QED Hydrogen Atom: Formulating and Solving Problem

[LayMuon]

I have a fairly straightforward question: how does one formulate the problem of hydrogen atom with quantum field theoretical treatment?

I understand that one can just take Uehling potential and find approximately the bound states' energies and wave functions, but it would not make electron field second quantized! So how to formulate and solve the problem with all fields involved (photonic and electron) second quantized?

Thanks.

 

[tom.stoer]

The usual approach is to split the field into a classical part solving the classical e.o.m. and a fluctuation

\phi = \phi_\text{class.} + \tilde{\phi}

Then 2nd quantization is applied to the fluctuation. Introducing creation and annihilation operators requires distorted waves, so you don't use a plane wave basis but solutions of the modified wave equation in the classical background.

Usually perturbation theory is used. It starts with the 2nd order b/c the 1st order vanishes due to the e.o.m. (this is due to the Euler-Lagrange eq. for the classical field). In addition matrix elements for 1st order terms vanish.

Now you can apply the standard mechanism, expand the Hamiltonian H or any other operator e.g. to 2nd order and calculate the corrections for the matrix elements

 

[LayMuon]

Thanks for the explanation. Might it be you can give me a reference?

 

[andrien]

bound states problem are somewhat conveniently treated using bethe-salpeter eqn.
http://en.wikipedia.org/wiki/Bethe%E2%80%93Salpeter_equation

 

[Bill_K]

bound states problem are somewhat conveniently treated using bethe-salpeter eqn.

The Bethe-Salpeter Equation is so inconvenient that even Bethe and Salpeter themselves do not use it.

 

[tom.stoer]

Thanks for the explanation. Might it be you can give me a reference?

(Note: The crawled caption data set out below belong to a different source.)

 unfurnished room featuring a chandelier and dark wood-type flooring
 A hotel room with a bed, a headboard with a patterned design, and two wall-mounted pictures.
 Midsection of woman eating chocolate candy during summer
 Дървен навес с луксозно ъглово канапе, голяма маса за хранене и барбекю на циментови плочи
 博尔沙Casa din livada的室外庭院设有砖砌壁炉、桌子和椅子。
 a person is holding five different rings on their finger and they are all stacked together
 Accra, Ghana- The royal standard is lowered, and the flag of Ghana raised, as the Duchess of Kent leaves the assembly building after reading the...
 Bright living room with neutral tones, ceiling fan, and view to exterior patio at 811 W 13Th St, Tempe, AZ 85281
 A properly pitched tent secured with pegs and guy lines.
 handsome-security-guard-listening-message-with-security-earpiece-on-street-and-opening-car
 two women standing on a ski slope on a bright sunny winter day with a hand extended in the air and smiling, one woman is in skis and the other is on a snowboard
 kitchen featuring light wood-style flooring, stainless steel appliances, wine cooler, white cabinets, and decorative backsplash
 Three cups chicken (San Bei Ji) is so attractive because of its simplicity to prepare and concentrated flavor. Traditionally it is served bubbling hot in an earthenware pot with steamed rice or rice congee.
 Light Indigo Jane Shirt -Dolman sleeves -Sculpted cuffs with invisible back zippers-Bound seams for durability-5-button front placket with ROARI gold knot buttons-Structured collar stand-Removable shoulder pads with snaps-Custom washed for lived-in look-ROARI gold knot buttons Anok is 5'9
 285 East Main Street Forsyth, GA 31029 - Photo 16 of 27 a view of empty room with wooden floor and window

As a starting point any QM II textbook with relativistic QM, introduction to field quantization and especially Lamb-shift calculation will do. I don't remember exactly, but I guess that Messiah, Cohen-Tannoudji or Bjorken and Drell will contain a chapter.

 

[Bill_K]

Messiah vol II gives an exact solution of the Dirac Equation for the hydrogen atom. Bjorken and Drell vol I gives a brief discussion of the Lamb shift in the first quantized framework, but they don't ever come back to it in vol II

The best treatment by far is in the ancient book "Theory of Photons and Electrons" by Jauch and Rohrlich, which devotes two full chapters to it - Theory of the External Field, including both scattering and bound states, followed by External Field Problems, which includes Coulomb scattering and Delbruck scattering, and a very detailed treatment of the Lamb Shift.

 

[LayMuon]

I will check the Jauch and Rohrlich's book.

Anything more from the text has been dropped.